Parmi les casses “historiques”, l'affaire des bijoux de la Begum (datant de 1949) a laissé moins de souvenirs aux générations actuelles que le braquage du train Glasgow-Londres en 1962, qui reste le plus classique de tous. Y compris à cause du jeu du chat et de la souris qui s'ensuivit, entre Scotland Yard et les voleurs, dont le fameux Ronald Biggs. Autre histoire ferroviaire : en juillet 1944, des maquisards s'attaquent au train reliant Périgueux à Bordeaux. Afin de financer leurs actions, ils dérobent l'équivalent de quarante-deux milliards d'Euros, appartenant à la Banque de France. Non sans diverses complicités. Une part à servi à la Résistance, mais l'essentiel a pu enrichir des personnes ayant “oublié” de rendre les sacs de billets, ou certaines causes politiques.

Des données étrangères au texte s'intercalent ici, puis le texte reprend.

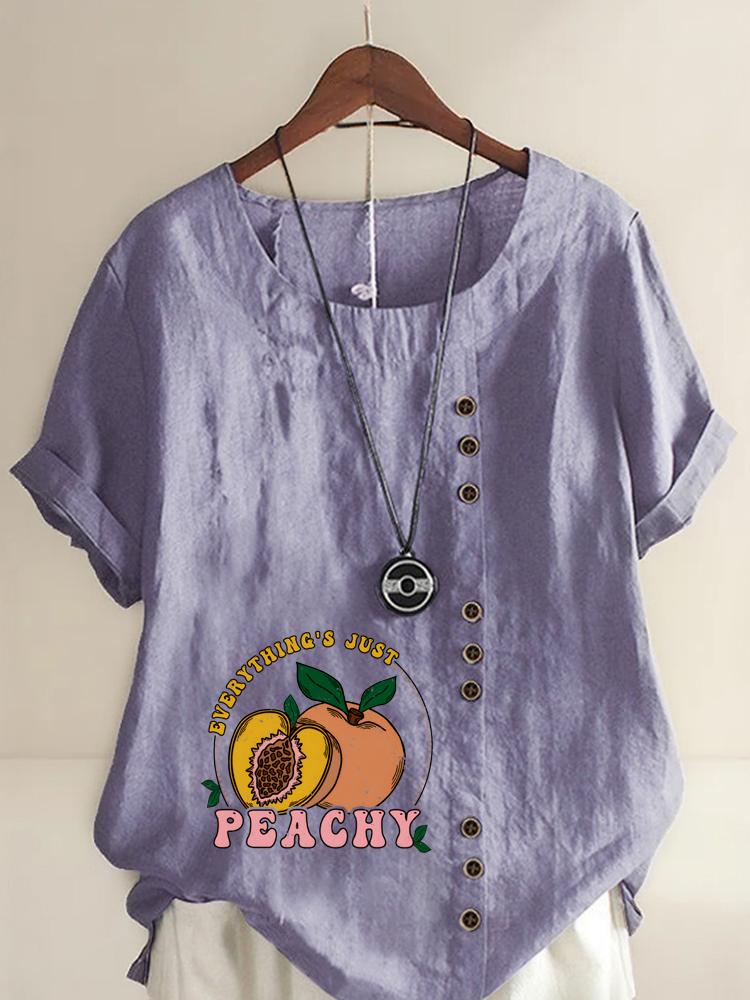 Women's Fashion Peach Letters Print Shot Sleeve T-shirt Loose Cotton Shirt Casual Loose Summer Blouse Tops Plus Size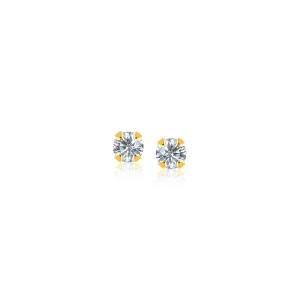 Unbranded 07274 14k Yellow Gold Stud Earrings With Faceted White Cubic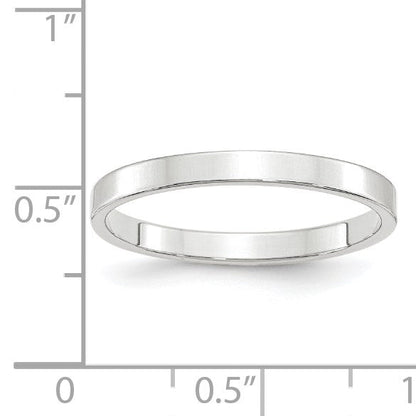 14K Weißgold 2,5 mm leichter flacher Ehering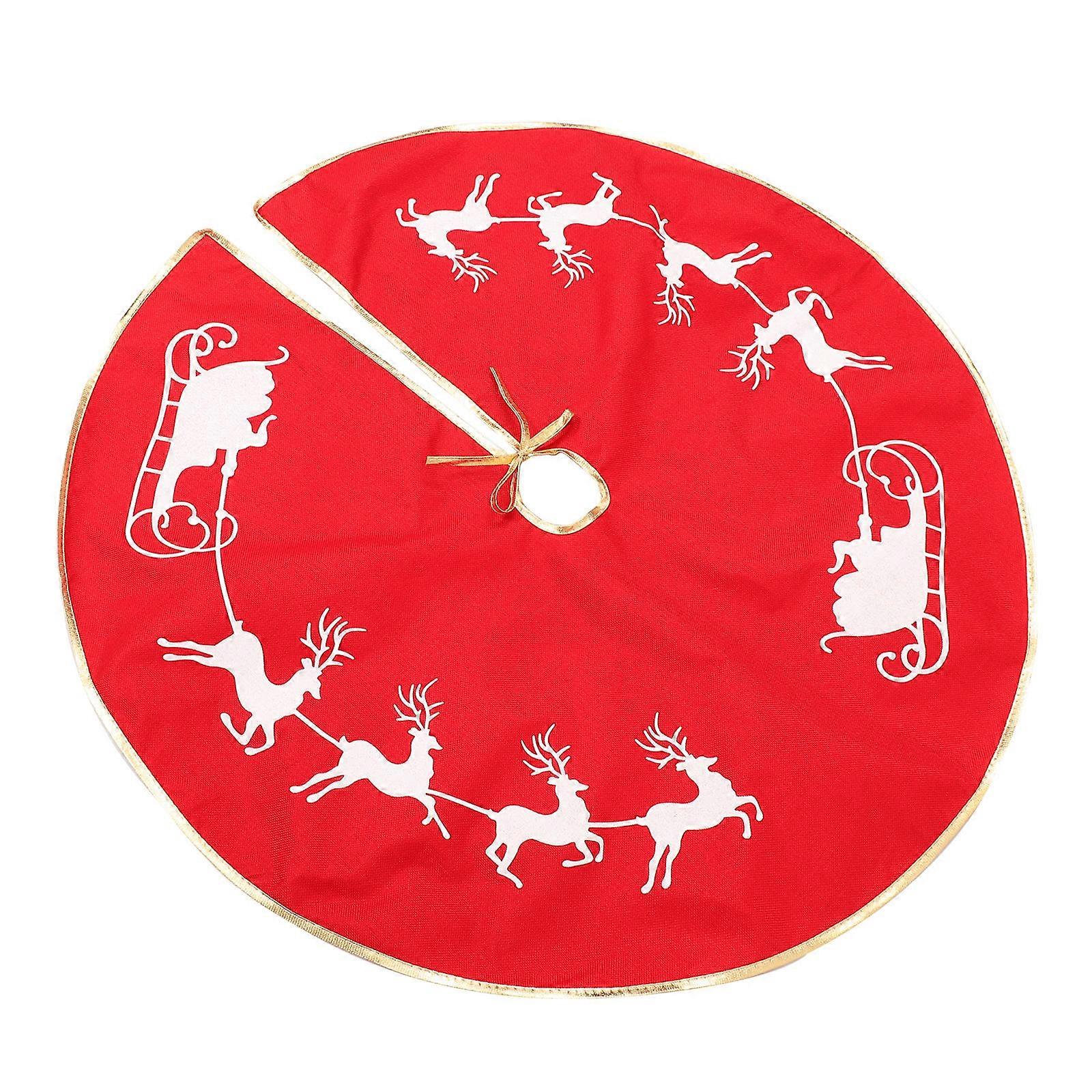 Rustic Tree Skirt Decoration Simple Appearance Red 100X100CM Decorative 1Pcs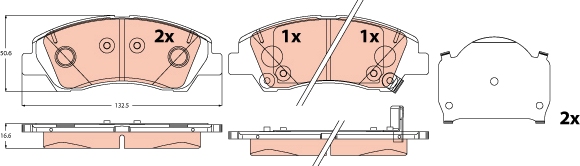 Remblokkenset, schijfrem TRW GDB2563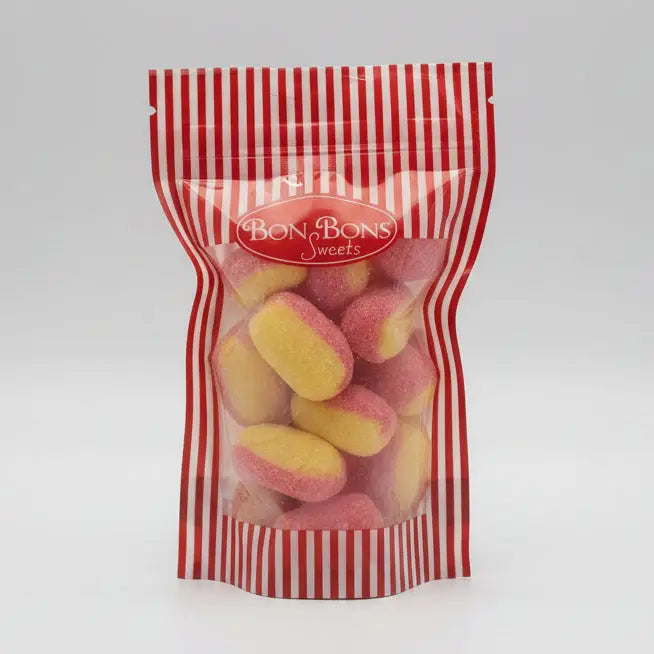 A red and white striped resealable bon sweets pouch filled with pink and yellow sugar coating bon bon sweets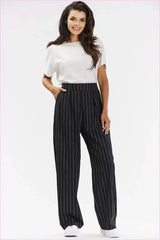 Gray and White Stripe Elegant Wide-leg Pants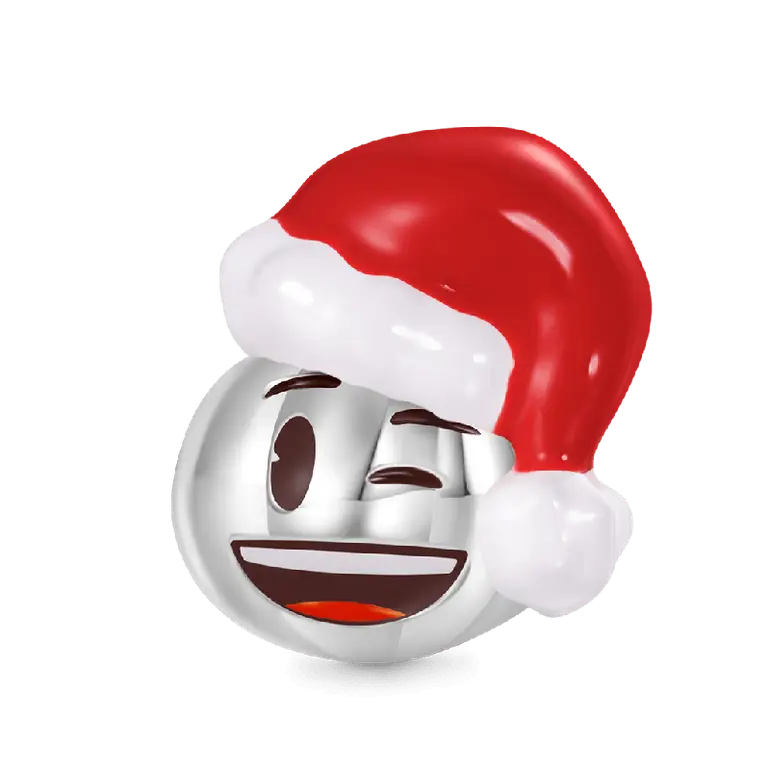 Gnoce Santa Hat Winking Smiley Pumpkin Charm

Rocambolesque cambriolage via les égouts et le Paillon, mais aussi spectaculaire évasion du principal suspect : l'affaire du casse de Nice, en 1976, et le nom d'Albert Spaggiari ont évidemment marqué les esprits. À l'opposé, un cas sûrement ignoré chez nous : au Japon, en 1948, un faux médecin empoisonne le personnel d'une banque, et rafle une belle somme en espèces. Rapidement, un artiste-peintre est suspecté. Malgré des failles à son procès, l'homme est condamné à mort. Il ne décédera qu'en 1985, à l'âge de quatre-vingt-quinze ans, car le doute restait vif sur sa culpabilité.

De Boston à Fortaleza (Brésil) en passant par Belfast ou Milan en 1958, des braquages visant les diamantaires d'Anvers jusqu'à la cybercriminalité, ce sont vingt-six affaires qui sont évoquées ici. Un panel d'histoires allant du quasi-amateurisme au grand banditisme. À travers le vingtième siècle, mais avec également quelques dossiers très récents, pas tous résolus (tel le Carlton de Cannes, braqué en juillet 2013). Un livre passionnant.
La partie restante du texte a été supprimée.